The boys have been talking about him a lot this season. You know, the larger-than-life figure who was probably once a real flesh and blood person, but whose mythology has blossomed into something so wide-reaching and so integral to our culture that you simply can’t avoid him. He’s so central to this particular season that he regularly makes an appearance in conversations at the family dinner table, and I feel like I have to bite back my own cynicism to support the boys’ unquestioning faith for at least a couple more years.
Oh no, not that guy. Not Santa. I’m talking about Jesus.
It’s just been in the last month or so, juggling the various seasonal mythologies, that I realized I feel more or less the same way about supporting my children’s belief in Santa as I do about supporting their belief in Jesus. The similarities are striking: I believe both are lovely concepts at the core and I have no issue with how other people choose to venerate the central figure – or not; I think the values and ideals engendered by each of the central figures are far more important than the figures themselves; both figures have reached a status of epic mythological proportions based on some granule of (often debated and misrepresented) fact; and, at one point in my own childhood I had complete faith in each of them, and managed to survive the transition from faith to skepticism intact. So while I think it’s important for the boys to have some sort of belief in the central mythology in each case, I’m having a hard time counterbalancing that with a vague sense of guilt in being disingenous with them.
(Hoo boy, if the circumcision post didn’t generate enough controversy, this one sure will!)
For as long as I can remember, I’ve believed more or less that Jesus was a great and influential man, but I haven’t been able to give myself over to the kind of faith that can accept he was God incarnate. In choosing to send the boys to a Catholic school, I realized I’d have to subjugate my own beliefs and let the boys learn a more traditional religious view – just like I did when I was their age. When they’re older, we can have righteous religious debates and they’ll be free to choose whatever belief system works for them, be it fundamentalist Christianity or Hinduism or something else – or nothing.
Tristan talks a lot about Jesus because that’s what he’s learning in school, and Simon picks right up on it. We entertain lots of questions along the lines of “Why did Jesus make snow?” and “Why did Jesus make spaghetti?” (I had a hard time not seizing that opportunity to indoctrinate him with a little Flying Spaghetti Monsterism, but I restrained myself.) I try to answer him in ways that contradict neither the official Catholic perspective he’ll be learning nor my own muddled beliefs, and while we’re philosophizing at a first-grade level, I think it’s working.

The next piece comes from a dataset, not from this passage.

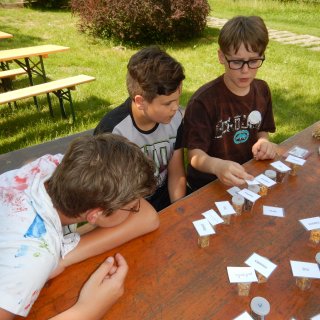 Poznávání (nejen) obilovin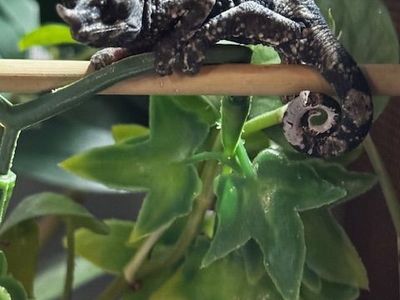 Juvenile Rainbow Jackson's Chameleon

But I can’t help but feel a little hypocritical sometimes as I support and affirm what they’re learning to believe when it’s in direct contravention to my personal beliefs — in much the same way it’s hard for me to give myself (and them) entirely over to the Santa mythology. I feel like I’m being duplicitous and dishonest, even if it’s for a good cause.

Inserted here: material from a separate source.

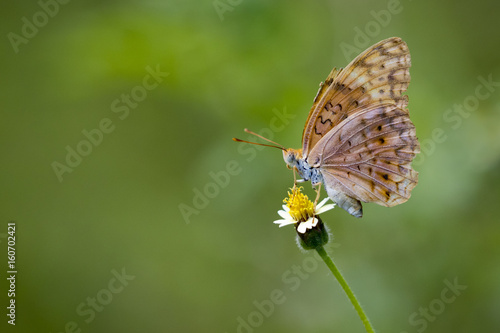 Image of a butterfly on nature background. Insect Animal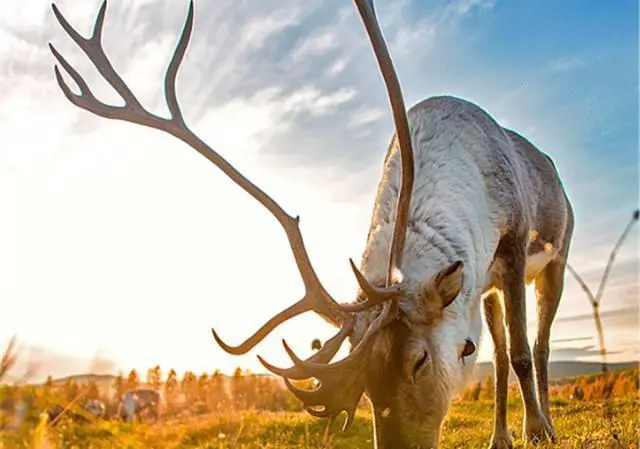 想带家人去草原自驾游，沈阳出发，推荐下一星期的路线？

Building up their belief in Santa is full of the same traps and pitfalls: I feel hypocritical setting the boys up to believe in something I know is false, and I feel bad knowing one day I’ll have to reconcile that faith with reality. One of these days, they’re going to realize it’s Daddy who took a bite out of the cookie and left it on the plate by the fireplace, and it’s us who stuffs the stockings and leaves the present under the tree on Christmas morning, and it bothers me on a fundamental level to deceive them. Not enough to do anything but muse about it here, mind you.
I don’t plan to deprive them of the joy of believing in Santa any more than I plan to contradict the teachings of the Catholic system. In time, they’ll be old enough to make their own choices, and find their own belief system. I hope they’ll always have the same love of the magic of Christmas that is deeply ingrained in me, whatever mythology they choose to believe. I think I’d best be getting my story straight pretty soon, though. I suspect their days of blind faith are numbered.